Page MenuHomePhabricator

Logstash poolcounter warnings "Usage error: You may only aquire a single non-nowait lock" on wikis with post-processing cache enabled
Closed, ResolvedPublicPRODUCTION ERROR

Description

While deploying Activate post-processing cache on some wikis today, we noticed the following logstash message on mwdebug:

Info
  • mwversion: 1.46.0-wmf.5
  • timestamp: 2025-12-17T14:50:46.561Z
  • phpversion: 8.3.26
  • reqId: ab251f54-2764-4aed-9464-5dc03d8ca706
  • Find reqId in Logstash
normalized_message
Pool key 'simplewiki:parsoid-pcache:129793:|#|:idhash:useParsoid=1:revid:10503646' (ArticleView): Usage error: You may only aquire a single non-nowait lock.
exception.trace

Subsequent investigation showed that this seems to be quite common outside of mwdebug, with a sharp uptick on 15 December, when Activate post-processing cache on idwiki was deployed:
https://logstash.wikimedia.org/goto/0c76f5bb63561e91410b391a570ebbe1

image.png (300×914 px, 35 KB)

There are some other occurrences of this usage error (including T412960: Pool key 'dewiki:SpecialContributions:a:127.0.0.1' (SpecialContributions): Usage error: You may only aquire a single non-nowait lock.), but they’re a lot less common.

Impact

Only logspam, as far as we’re aware. But quite a bit of it.

Event Timeline

Presumably this is being triggered when we do a PoolCounter parse for a postprocessed ParserOutput, which then recursively triggers another PoolCounter parse of the canonical ParserOutput. I believe the entire thing is protected by the outer lock and so there is no practical impact other than logspam -- I triggered this during testing on simplewiki by doing a purge, and saw no reader-visible effects. But we should fix the logspam and the underlying usage before rolling out the postprocessing cache further.
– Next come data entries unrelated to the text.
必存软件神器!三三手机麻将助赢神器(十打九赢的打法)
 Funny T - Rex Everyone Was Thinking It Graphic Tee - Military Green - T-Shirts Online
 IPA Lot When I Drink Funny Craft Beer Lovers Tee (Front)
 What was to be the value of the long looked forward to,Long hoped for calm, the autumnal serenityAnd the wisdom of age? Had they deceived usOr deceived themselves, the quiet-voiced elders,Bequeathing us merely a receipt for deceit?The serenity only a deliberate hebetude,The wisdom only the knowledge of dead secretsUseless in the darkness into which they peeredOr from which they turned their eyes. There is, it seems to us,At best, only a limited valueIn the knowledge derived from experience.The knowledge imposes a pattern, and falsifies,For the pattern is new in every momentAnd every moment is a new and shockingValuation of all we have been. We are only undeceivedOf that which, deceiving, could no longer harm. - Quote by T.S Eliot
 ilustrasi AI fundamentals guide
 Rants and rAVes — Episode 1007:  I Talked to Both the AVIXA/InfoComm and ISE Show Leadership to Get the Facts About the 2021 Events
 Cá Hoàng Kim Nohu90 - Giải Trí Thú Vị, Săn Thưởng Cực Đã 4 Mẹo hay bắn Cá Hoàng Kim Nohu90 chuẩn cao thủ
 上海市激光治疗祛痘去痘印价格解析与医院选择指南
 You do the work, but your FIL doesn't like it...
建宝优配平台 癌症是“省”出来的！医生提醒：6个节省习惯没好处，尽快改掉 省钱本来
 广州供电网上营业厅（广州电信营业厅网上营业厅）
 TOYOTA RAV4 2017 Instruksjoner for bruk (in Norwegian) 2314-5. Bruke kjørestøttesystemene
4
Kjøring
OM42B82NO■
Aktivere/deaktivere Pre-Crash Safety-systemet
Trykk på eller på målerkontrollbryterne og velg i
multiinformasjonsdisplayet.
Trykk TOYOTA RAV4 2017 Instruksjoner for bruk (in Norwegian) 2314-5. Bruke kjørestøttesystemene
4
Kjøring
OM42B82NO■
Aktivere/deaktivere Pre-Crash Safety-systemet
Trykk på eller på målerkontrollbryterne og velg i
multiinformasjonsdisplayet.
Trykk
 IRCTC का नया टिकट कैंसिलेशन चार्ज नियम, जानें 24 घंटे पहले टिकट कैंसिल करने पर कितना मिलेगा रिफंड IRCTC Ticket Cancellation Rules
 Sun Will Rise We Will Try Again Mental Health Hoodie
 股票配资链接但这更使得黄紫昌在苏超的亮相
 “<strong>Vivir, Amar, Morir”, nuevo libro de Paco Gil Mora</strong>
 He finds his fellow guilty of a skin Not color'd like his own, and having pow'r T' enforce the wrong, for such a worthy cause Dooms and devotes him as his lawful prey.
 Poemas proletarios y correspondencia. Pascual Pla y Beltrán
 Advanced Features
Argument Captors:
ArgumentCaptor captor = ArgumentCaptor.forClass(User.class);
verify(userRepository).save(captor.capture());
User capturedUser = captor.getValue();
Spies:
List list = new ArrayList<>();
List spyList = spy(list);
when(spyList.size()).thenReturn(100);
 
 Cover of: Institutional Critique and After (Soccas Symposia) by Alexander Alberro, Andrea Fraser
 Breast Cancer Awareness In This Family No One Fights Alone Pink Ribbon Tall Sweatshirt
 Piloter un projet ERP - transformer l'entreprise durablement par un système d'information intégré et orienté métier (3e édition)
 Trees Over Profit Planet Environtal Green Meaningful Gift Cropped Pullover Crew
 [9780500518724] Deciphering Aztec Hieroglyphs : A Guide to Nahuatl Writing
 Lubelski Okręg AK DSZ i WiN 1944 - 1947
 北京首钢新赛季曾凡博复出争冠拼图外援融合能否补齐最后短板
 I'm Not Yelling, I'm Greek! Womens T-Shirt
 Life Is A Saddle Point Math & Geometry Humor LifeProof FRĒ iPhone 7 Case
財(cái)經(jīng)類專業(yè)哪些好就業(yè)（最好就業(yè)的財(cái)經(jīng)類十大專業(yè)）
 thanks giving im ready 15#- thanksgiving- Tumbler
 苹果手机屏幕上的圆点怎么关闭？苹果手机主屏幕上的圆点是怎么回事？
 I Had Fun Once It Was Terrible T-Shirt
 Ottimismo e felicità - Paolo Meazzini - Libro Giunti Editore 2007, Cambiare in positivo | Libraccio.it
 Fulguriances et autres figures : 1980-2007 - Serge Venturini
Change #1219197 had a related patch set uploaded (by C. Scott Ananian; author: C. Scott Ananian):

[mediawiki/core@master] ParserOutputAccess: don't use PoolCounter recursively

https://gerrit.wikimedia.org/r/1219197

Change #1219194 had a related patch set uploaded (by C. Scott Ananian; author: C. Scott Ananian):

[mediawiki/core@master] PoolCounter: fix typo in error message (aquire -> acquire)

https://gerrit.wikimedia.org/r/1219194

Change #1219197 merged by jenkins-bot:

[mediawiki/core@master] ParserOutputAccess: don't use PoolCounter recursively

https://gerrit.wikimedia.org/r/1219197

Change #1219194 merged by jenkins-bot:

[mediawiki/core@master] PoolCounter: fix typo in error message (aquire -> acquire)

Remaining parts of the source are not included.